Il datore di lavoro le ha accordato, a titolo provvisorio, taluni accomodamenti, ma si è tuttavia rifiutato di rendere permanenti tali accomodamenti.
Lo scontro tra azienda e lavoratrice, che ha ovviamente impugnato il rifiuto del datore di lavoro, è arrivato fino in Cassazione, e i magistrati italiani hanno chiesto lumi ai giudici europei in merito all’interpretazione del diritto dell’Unione Europea in materia di tutela contro la discriminazione indiretta di un lavoratore che si occupa di suo figlio minore gravemente disabile, pur non essendo disabile egli stesso.
Secca la risposta dei giudici europei: il divieto di discriminazione indiretta fondata sulla disabilità, ai sensi della direttiva quadro sulla parità di trattamento in materia di occupazione e di condizioni di lavoro, si estende anche a un lavoratore che ne è vittima a causa dell’assistenza che fornisce a suo figlio, affetto da disabilità.
Tale direttiva mira a vietare la discriminazione diretta per associazione fondata sull’handicap, ma mira anche a combattere ogni forma di discriminazione fondata sull’handicap.
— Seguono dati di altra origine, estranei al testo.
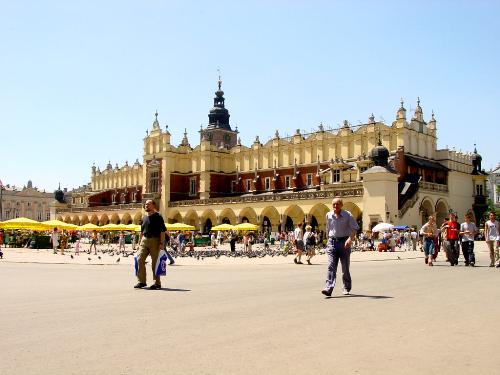 Krakow - Krakow, Poland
Difatti, le disposizioni di tale direttiva devono essere lette alla luce del principio di non discriminazione, del rispetto dei diritti dei minori e del diritto all’integrazione delle persone disabili, previsti dalla ‘Carta dei diritti fondamentali’ dell’Unione Europea, in combinato disposto con le disposizioni della ‘Convenzione sui diritti delle persone con disabilità’ delle Nazioni Unite. Da tali atti risulta che, per salvaguardare i diritti delle persone disabili, in particolare se si tratta di minori, il principio generale di non discriminazione riguarda la discriminazione indiretta per associazione fondata sull’handicap affinché la parità di trattamento in materia di occupazione e di condizioni di lavoro sia garantita anche ai loro genitori, e questi ultimi non subiscano un trattamento sfavorevole sul loro posto di lavoro a causa della situazione dei loro figli.
Per i giudici europei, quindi, per garantire l’uguaglianza tra i lavoratori, il datore di lavoro è tenuto ad adottare soluzioni ragionevoli idonee a consentire ai dipendenti di fornire l’assistenza necessaria ai loro figli disabili, con il limite del carattere sproporzionato che tale onere potrebbe comportare per il datore di lavoro.

News più recenti

Mostra di più...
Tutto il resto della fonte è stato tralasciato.